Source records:
○ ○ ○ ○ ○ ○ ○

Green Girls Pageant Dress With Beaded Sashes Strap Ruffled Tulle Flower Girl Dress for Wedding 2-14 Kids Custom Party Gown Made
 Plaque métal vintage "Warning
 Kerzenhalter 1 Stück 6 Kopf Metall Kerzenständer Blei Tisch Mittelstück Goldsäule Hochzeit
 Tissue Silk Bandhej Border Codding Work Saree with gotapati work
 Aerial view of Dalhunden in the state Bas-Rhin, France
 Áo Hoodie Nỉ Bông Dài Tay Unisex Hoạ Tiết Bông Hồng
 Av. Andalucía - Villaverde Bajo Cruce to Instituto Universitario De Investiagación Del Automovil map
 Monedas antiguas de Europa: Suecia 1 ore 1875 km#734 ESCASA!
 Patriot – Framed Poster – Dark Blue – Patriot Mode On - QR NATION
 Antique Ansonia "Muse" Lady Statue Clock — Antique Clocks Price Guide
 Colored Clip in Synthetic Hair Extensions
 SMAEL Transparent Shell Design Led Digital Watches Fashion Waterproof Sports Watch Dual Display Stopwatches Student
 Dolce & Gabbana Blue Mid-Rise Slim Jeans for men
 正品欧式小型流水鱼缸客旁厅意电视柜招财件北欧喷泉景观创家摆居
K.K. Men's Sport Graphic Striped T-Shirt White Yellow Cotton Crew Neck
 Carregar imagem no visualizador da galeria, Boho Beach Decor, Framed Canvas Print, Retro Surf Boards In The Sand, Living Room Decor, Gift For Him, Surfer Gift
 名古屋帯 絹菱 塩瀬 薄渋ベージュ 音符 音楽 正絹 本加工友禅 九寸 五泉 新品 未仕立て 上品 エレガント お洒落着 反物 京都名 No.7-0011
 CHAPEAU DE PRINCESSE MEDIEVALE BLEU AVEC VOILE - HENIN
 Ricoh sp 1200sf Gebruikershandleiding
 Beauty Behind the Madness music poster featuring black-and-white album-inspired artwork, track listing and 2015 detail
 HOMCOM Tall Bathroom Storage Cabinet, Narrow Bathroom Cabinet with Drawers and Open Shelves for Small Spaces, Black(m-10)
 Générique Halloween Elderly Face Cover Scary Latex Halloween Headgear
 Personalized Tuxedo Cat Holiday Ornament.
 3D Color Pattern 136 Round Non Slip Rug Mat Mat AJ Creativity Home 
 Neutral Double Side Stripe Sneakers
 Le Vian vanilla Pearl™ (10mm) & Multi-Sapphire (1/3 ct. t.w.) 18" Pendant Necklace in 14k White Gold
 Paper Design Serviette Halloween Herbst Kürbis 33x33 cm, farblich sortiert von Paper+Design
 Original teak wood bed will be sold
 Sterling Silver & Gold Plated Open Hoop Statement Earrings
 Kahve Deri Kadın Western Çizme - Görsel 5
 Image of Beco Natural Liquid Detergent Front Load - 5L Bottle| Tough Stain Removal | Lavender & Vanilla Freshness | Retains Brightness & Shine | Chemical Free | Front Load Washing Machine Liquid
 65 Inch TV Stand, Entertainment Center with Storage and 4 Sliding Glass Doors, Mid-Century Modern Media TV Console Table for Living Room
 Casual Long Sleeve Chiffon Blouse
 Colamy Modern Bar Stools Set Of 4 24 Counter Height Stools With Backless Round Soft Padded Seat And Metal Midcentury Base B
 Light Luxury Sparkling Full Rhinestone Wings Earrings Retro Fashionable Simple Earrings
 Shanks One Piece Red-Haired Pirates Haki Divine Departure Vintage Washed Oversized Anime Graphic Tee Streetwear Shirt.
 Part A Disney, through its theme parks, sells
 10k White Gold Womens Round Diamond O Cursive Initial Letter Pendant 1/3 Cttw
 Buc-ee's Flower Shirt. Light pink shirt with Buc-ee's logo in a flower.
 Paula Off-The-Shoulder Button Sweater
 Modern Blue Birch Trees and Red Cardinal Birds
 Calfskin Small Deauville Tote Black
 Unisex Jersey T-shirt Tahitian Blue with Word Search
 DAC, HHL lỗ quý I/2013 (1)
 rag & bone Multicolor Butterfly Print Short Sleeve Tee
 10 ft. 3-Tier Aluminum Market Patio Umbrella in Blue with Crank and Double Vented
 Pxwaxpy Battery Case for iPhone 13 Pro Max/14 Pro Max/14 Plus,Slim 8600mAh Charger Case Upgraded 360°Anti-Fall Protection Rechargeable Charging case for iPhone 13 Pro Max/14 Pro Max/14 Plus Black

○ ○ ○ ○ ○ ○ ○

Work to be completed
Produce only the lines from the line containing "Kerzenhalter 1 Stück" through the line containing "Carregar imagem no", inclusive of both, exactly as they stand in the entries above.

Reply
 Kerzenhalter 1 Stück 6 Kopf Metall Kerzenständer Blei Tisch Mittelstück Goldsäule Hochzeit
 Tissue Silk Bandhej Border Codding Work Saree with gotapati work
 Aerial view of Dalhunden in the state Bas-Rhin, France
 Áo Hoodie Nỉ Bông Dài Tay Unisex Hoạ Tiết Bông Hồng
 Av. Andalucía - Villaverde Bajo Cruce to Instituto Universitario De Investiagación Del Automovil map
 Monedas antiguas de Europa: Suecia 1 ore 1875 km#734 ESCASA!
 Patriot – Framed Poster – Dark Blue – Patriot Mode On - QR NATION
 Antique Ansonia "Muse" Lady Statue Clock — Antique Clocks Price Guide
 Colored Clip in Synthetic Hair Extensions
 SMAEL Transparent Shell Design Led Digital Watches Fashion Waterproof Sports Watch Dual Display Stopwatches Student
 Dolce & Gabbana Blue Mid-Rise Slim Jeans for men
 正品欧式小型流水鱼缸客旁厅意电视柜招财件北欧喷泉景观创家摆居
K.K. Men's Sport Graphic Striped T-Shirt White Yellow Cotton Crew Neck
 Carregar imagem no visualizador da galeria, Boho Beach Decor, Framed Canvas Print, Retro Surf Boards In The Sand, Living Room Decor, Gift For Him, Surfer Gift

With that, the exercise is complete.